Magid of Mezeritch (Likutei Yekarim page 12b): The tzadik doesn’t get satisfaction in this world. Even though he prays occasionally concerning worldly matters—he is not answered and his prayers are ignored. In truth it is because of G﷓d’s great love and fondness for the tzadik that He doesn’t answer him concerning worldly matters. This can be explain by the following parable. A king’s small son made a tiny house out of twigs—as children typically do—and someone came and broke it. The child ran crying to his father the king. He screamed and wailed to his father about the great tragedy that had befallen him. The king upon hearing about this “great tragedy” laughed—even though he loved his son very much. Because in the father’s eyes this loss was totally insignificant in comparison to the fabulous good that the king was prepared to give his son. The king also had in mind to build his son a glorious palace of unparalleled grandeur. Consequently the little house of twigs was so inconsequential in the eyes of the king that he saw no reason to take revenge on the person that had broken it. Therefore even though his son suffered greatly by his loss, his father ignored it. It was only a tragedy in the eyes of the child but not to the father who knew that his son was receiving infinitely more significant things. The meaning of the parable is obvious. Because G﷓d’s great love for the tzadik He will give him many great and wonderful things in the World to Come. Therefore he doesn’t pay attention to the suffering that the tzadik has in this world. He knows that the good things in the World to Come are infinitely greater than that which a person has in this world. He also knows that the good in this world is as nothing compared to the great and strong love that causes Him to give the tzadik the good reward in the World to Come.


  1. "Life is like a box of chocolates. you never know which one you're gonna get" Words to live by from the maharan Forest Gump.

  2. Bartley... you're quoting Momma Gump. (Who as far as I can tell had no first name other than "Mrs.") My momma always said, 'Life is like a box of chocolates. You never know what you're gonna get.'" Anyway...\

    Compare the Maggid's words with the Ramchal's in Mesilas Yesharim 1:

    Our Sages of blessed memory have taught us that man was created for the sole purpose of rejoicing in God and deriving pleasure from the splendor of His Presence; for this is true joy and the greatest pleasure that can be found. The place where this joy may truly be derived is the World to Come, which was expressly created to provide for it; but the path to the object of our desires is this world, as our Sages of blessed memory have said (Avorh 4:21), "This world is like a corridor to the World to Come."
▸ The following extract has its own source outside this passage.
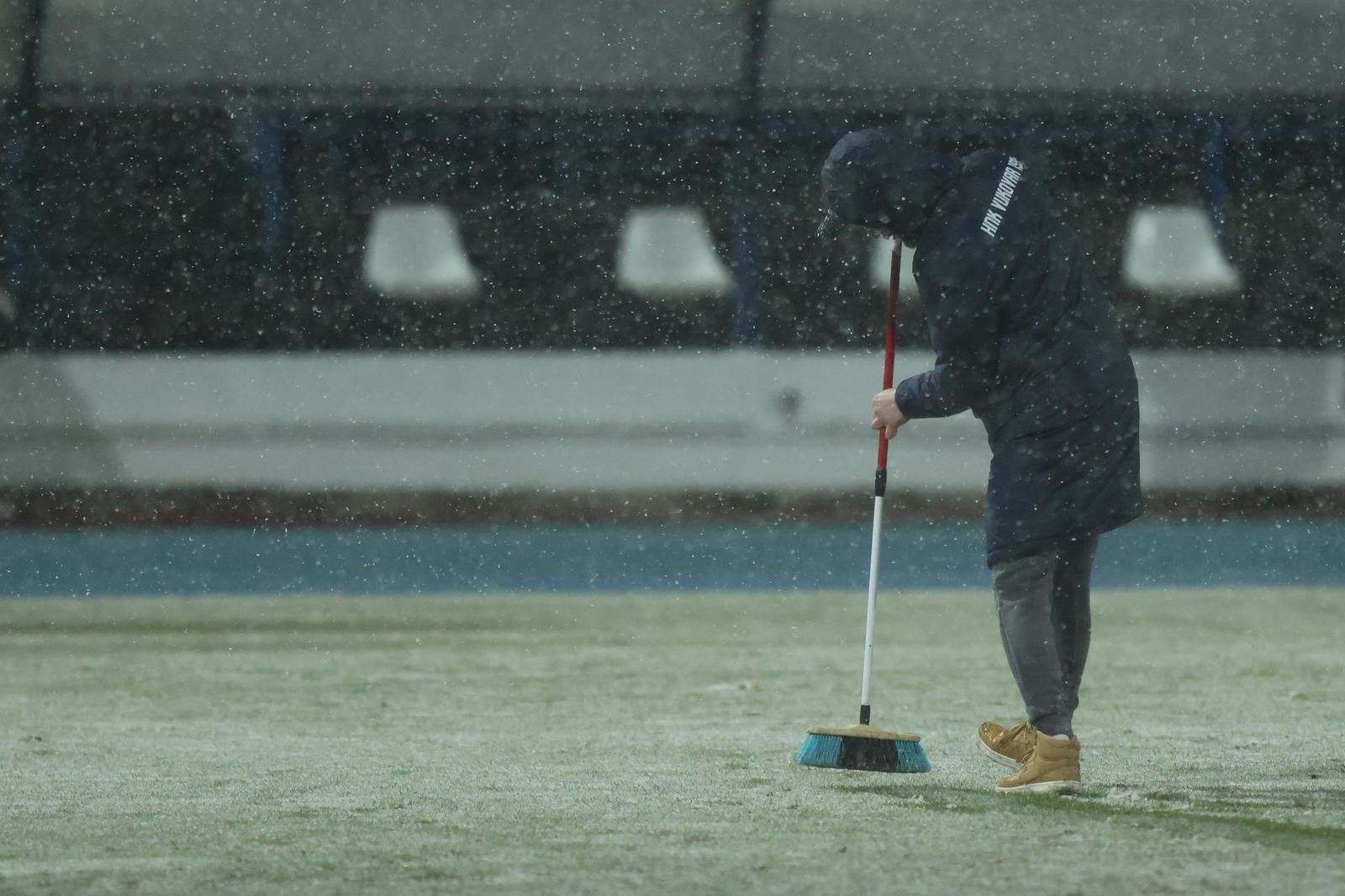 FOTO Utakmica u Osijeku prekinuta zbog snijega. Čistili ga metlama i strojem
    The means which lead a man to this goal are the mitzvoth, in relation to which we were commanded by the Lord, may His Name be blessed. The place of the performance of the mitzvoth is this world alone.
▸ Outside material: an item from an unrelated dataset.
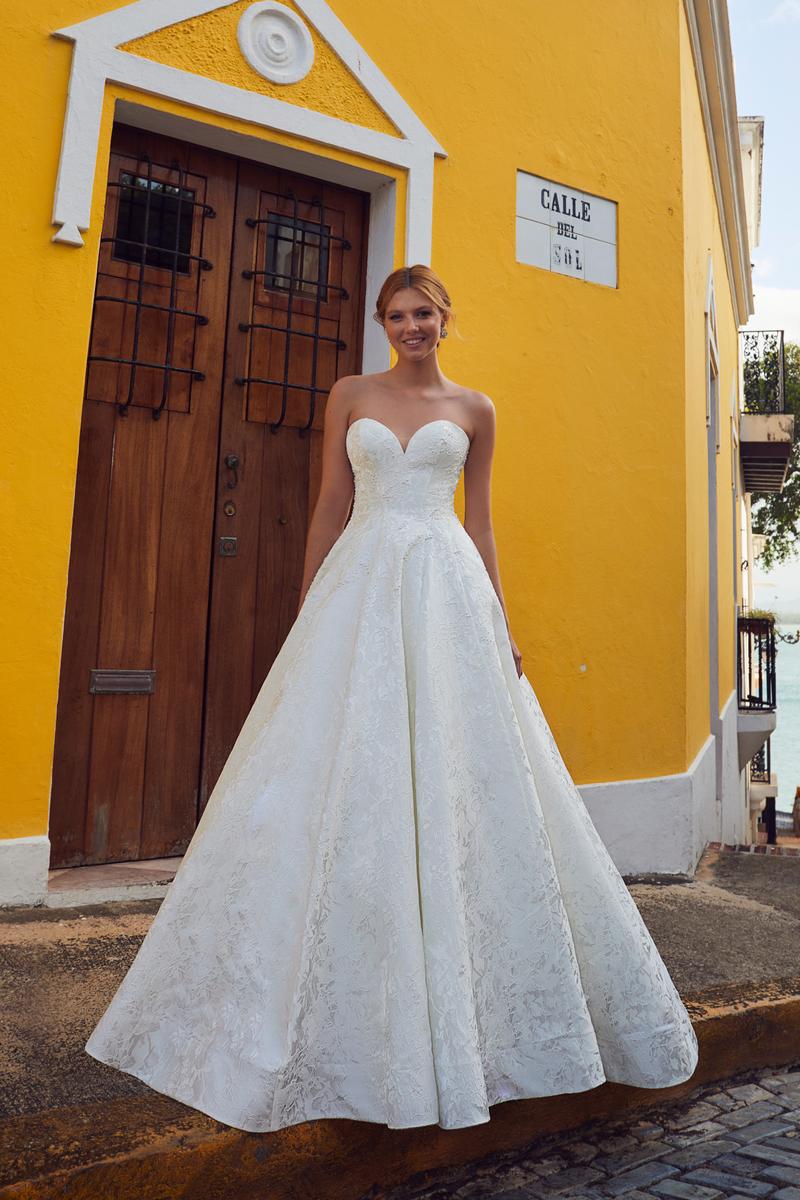 L'amour Bridal LA23112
    Therefore, man was placed in this world first - so that by these means, which were provided for him here, he would be able to reach the place which had been prepared for him, the World to Come, there to be sated with the goodness which he acquired through them. As our Sages of blessed memory have said (Eruvin 22a), "Today for their [the mitzvoth's] performance and tomorrow for receiving their reward."

    When you look further into the matter, you will see that only union with God constitutes true perfection...
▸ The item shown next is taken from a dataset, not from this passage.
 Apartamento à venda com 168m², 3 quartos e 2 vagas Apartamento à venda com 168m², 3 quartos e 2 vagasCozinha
  3. I think this is an excellent highlight of the difference between an approach which in my experience is favored among orators of the yeshiva world, and that of e.g. R' SR Hirsch. I have a very hard time imagining him saying something like this; indeed the very notion of Hirsch's Torah Im Derech Eretz, where Derech Eretz is the fundamental assumption of the universe, goes against this approach to life.

  4. I'm not as sure that RSRH would have to disagree with the Ramchal.

    The Ramchal says the point of this world is to become the kind of person who can be close to the Almighty in the next. If you feel that the Almighty is interested in a stable, peaceful, and spiritual humanity, then Hirschian derekh eretz is what it would take to be close to him.

    (Notice that both Mussar and TiDE make life about personal refinement, and personal refinement first about interactions with others, and then about relating to Hashem. They have significantly different models of what refinement means, but much of the philosophy overlaps.)

    Perhaps more telling is how little RSRH writes on the subject altogether. Or perhaps, he wrote on topics the Germany-sliding-to-Reform was ready to listen to.


  5. Maybe better stated, Germany-sliding-toward-Reform-and-dead-Orthodoxy... also, my contrast from RSRH was aimed at the OP, not the Ramchal: "this world is trivial - both its joys and hardships i.e., it is a game to get rewarded and to be taken seriously." It's hard for me to hear him saying "trivial" or "game" about the world even on a philosophical level.